DATASET
^^^^^^^^^^^^^^^^
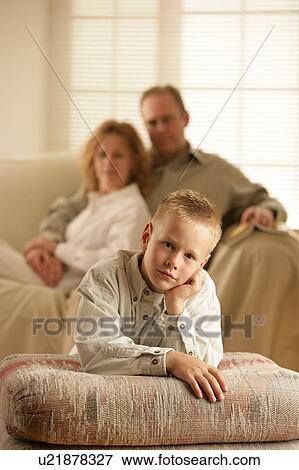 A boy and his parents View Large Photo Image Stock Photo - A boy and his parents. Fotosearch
^^^^^^^^^^^^^^^^
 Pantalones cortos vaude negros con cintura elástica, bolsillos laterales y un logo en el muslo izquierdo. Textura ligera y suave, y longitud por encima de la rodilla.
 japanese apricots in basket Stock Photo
^^^^^^^^^^^^^^^^
TO DO
What you return must be the lines above that run from the line with "Pantalones cortos vaude" to the line with "japanese apricots in basket Stock Photo", inclusive, each copied exactly.

EXPECTED OUTPUT
 Pantalones cortos vaude negros con cintura elástica, bolsillos laterales y un logo en el muslo izquierdo. Textura ligera y suave, y longitud por encima de la rodilla.
 japanese apricots in basket Stock Photo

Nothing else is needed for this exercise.